Прошло с час, и через дорогу по направлению к дому Шилина мелькнула чья-то тень. Он встал и столкнулся в дверях с запыхавшимся Стратилатом.
- Достал? - шепотом спросил Шилин.
- Держи… - так же ответил прибежавший, суя ему в руку бумагу.
Оба поспешно пошли в заднюю горенку; хозяин зажег свечу, и Стратилат принялся мазать себе маслом лицо и сдирать парик и наклеенные брови. Шилин развернул бумагу, убедился, что это была действительно Ленина вольная, и бережно спрятал ее к себе в карман.
- Чуть не влопался! - повествовал Стратилат. - Только это я отыскал бумагу - вдруг шасть кто-то в кабинет: гляжу, старуха, Людмила Марковна! Увидала меня, да назад, за дверь - и бряк там с ног! А я в окно и давай Бог ноги!
- Упала, говоришь?
- То есть, вот как: от всей души! Уж не померла ли?
- Никто больше не видал вас?
- Ни, ни…
- И впрямь могла с перепугу помереть старуха… - раздумчиво проговорил Шилин. - Тогда ведь за Леонидой Николаевной сейчас гнать надо!
- Истинно! - согласился Стратилат. - Без бабки он завтра же что хочет, то с ней и сделает!
- Надо узнать, что у них творится?… - сказал Шилин.
- Как узнать? Назад ведь не полезешь?
- И не нужно. Иди ты к себе, спать ложись, а я на Большой улице постерегу, не будет ли тревоги…
Стратилат исчез. Смарагд Захарович надел поддевку, вышел на крыльцо и, заперев за собой дверь, направился к дому Пентаурова.
Темные улицы были пустынны. На Большой кое-где, на далеком расстоянии друг от друга, словно желтые светляки, мерцали масляные фонари. Темны и безмолвны были и пентауровский двор, и огромная махина дома.
Шилин прошел вдоль него, затем вернулся и присел на лавочку у ворот так, что со стороны видно его совершенно не было.
Все спало по-прежнему.
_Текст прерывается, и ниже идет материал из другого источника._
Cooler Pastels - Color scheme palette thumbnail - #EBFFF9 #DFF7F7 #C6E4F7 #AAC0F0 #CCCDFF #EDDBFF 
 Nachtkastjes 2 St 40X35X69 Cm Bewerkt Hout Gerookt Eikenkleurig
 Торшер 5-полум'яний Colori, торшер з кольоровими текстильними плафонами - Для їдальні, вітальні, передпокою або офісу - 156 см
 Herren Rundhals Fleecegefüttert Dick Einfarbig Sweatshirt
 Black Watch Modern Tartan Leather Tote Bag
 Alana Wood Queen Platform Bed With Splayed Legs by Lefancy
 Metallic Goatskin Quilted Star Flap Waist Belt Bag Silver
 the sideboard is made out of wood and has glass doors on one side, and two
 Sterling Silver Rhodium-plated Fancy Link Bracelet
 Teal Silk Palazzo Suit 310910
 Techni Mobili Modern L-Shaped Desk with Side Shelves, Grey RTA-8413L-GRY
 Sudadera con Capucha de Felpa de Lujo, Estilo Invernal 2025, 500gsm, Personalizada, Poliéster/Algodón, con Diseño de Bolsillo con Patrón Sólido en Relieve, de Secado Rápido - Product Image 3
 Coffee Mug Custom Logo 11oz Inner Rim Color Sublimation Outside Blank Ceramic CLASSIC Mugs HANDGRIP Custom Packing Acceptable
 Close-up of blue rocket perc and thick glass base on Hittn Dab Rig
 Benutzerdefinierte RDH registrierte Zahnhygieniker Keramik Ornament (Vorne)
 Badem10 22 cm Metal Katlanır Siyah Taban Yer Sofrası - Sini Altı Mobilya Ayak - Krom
Минуло порядочно времени, и Шилин, встав, чтобы поразмять ноги, обратил внимание на то, что листва деревьев парка за домом ярко освещена: в комнатах с той стороны, стало быть, почему-то зажгли огни.
"Что-нибудь да случилось?" - размышлял он, глядя на свет на деревьях, и вдруг заслышал хлопанье дверей и начавшуюся беготню во дворе.
- Воды, скорей воды! - прокричал с подъезда чей-то голос. - Пожар! Барыня померла!
Шилин бросился домой, разбудил Мавру и, велев ей ждать себя и гостью, сам запряг лошадей и покатил в Баграмово.
"Что за пожар? - думал он по пути, подхлестывая коньков и то и дело оглядываясь назад. - С чего?"
Не успел он отъехать и трех верст, на небе за его спиной, что провал в преисподнюю, мутно заалело зарево.
Глава XXVII
Утром Степан Владимирович, ночевавший в театре, стоял на сцене и отдавал распоряжения Маремьяну насчет похорон и поисков на пожарище на месте кабинета серебра, и уже собрался идти садиться в коляску, чтобы ехать в Баграмово, когда к нему подошел с шапкой в руке Белявка.
- До вашей милости! - проговорил он, отвешивая низкий поклон.
- Что тебе? - сердито спросил Пентауров.
- Так шо теперь дилать нам нечего…
- Ну?
- Явите милость: прикажите мени расчет дать!
- Какой расчет? Ясно, кажется, было сказано тебе, чтобы все убирались к черту!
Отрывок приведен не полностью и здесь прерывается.